— WHAT IS BEING ASKED —
Word for word, restate each entry in the listing below.

======== RECORDS TO USE ========

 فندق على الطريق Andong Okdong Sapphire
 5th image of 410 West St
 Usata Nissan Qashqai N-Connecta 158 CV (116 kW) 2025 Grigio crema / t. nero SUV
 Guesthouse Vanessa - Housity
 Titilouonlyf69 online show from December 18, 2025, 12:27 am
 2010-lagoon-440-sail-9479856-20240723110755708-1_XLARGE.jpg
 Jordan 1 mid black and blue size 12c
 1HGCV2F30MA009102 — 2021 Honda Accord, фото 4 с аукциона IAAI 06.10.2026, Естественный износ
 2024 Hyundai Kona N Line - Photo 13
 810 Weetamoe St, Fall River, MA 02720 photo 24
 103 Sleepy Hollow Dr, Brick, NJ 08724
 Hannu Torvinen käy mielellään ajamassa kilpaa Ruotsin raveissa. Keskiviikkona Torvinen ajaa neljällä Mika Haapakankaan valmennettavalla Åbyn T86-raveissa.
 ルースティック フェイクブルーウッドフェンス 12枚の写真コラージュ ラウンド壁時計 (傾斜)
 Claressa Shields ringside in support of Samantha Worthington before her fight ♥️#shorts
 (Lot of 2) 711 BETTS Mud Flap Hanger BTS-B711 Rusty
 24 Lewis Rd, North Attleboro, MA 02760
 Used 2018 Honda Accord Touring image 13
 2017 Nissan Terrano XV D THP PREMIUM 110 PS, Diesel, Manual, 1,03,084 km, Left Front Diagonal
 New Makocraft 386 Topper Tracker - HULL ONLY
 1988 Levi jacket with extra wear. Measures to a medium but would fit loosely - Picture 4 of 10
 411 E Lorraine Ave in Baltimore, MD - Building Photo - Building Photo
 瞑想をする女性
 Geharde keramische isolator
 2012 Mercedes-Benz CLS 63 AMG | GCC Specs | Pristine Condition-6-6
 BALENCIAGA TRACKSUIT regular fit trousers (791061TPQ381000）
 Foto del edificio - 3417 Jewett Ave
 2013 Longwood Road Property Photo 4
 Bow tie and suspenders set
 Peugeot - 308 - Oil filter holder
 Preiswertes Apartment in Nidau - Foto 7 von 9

========

— SOLVED PROBLEM —
 فندق على الطريق Andong Okdong Sapphire
 5th image of 410 West St
 Usata Nissan Qashqai N-Connecta 158 CV (116 kW) 2025 Grigio crema / t. nero SUV
 Guesthouse Vanessa - Housity
 Titilouonlyf69 online show from December 18, 2025, 12:27 am
 2010-lagoon-440-sail-9479856-20240723110755708-1_XLARGE.jpg
 Jordan 1 mid black and blue size 12c
 1HGCV2F30MA009102 — 2021 Honda Accord, фото 4 с аукциона IAAI 06.10.2026, Естественный износ
 2024 Hyundai Kona N Line - Photo 13
 810 Weetamoe St, Fall River, MA 02720 photo 24
 103 Sleepy Hollow Dr, Brick, NJ 08724
 Hannu Torvinen käy mielellään ajamassa kilpaa Ruotsin raveissa. Keskiviikkona Torvinen ajaa neljällä Mika Haapakankaan valmennettavalla Åbyn T86-raveissa.
 ルースティック フェイクブルーウッドフェンス 12枚の写真コラージュ ラウンド壁時計 (傾斜)
 Claressa Shields ringside in support of Samantha Worthington before her fight ♥️#shorts
 (Lot of 2) 711 BETTS Mud Flap Hanger BTS-B711 Rusty
 24 Lewis Rd, North Attleboro, MA 02760
 Used 2018 Honda Accord Touring image 13
 2017 Nissan Terrano XV D THP PREMIUM 110 PS, Diesel, Manual, 1,03,084 km, Left Front Diagonal
 New Makocraft 386 Topper Tracker - HULL ONLY
 1988 Levi jacket with extra wear. Measures to a medium but would fit loosely - Picture 4 of 10
 411 E Lorraine Ave in Baltimore, MD - Building Photo - Building Photo
 瞑想をする女性
 Geharde keramische isolator
 2012 Mercedes-Benz CLS 63 AMG | GCC Specs | Pristine Condition-6-6
 BALENCIAGA TRACKSUIT regular fit trousers (791061TPQ381000）
 Foto del edificio - 3417 Jewett Ave
 2013 Longwood Road Property Photo 4
 Bow tie and suspenders set
 Peugeot - 308 - Oil filter holder
 Preiswertes Apartment in Nidau - Foto 7 von 9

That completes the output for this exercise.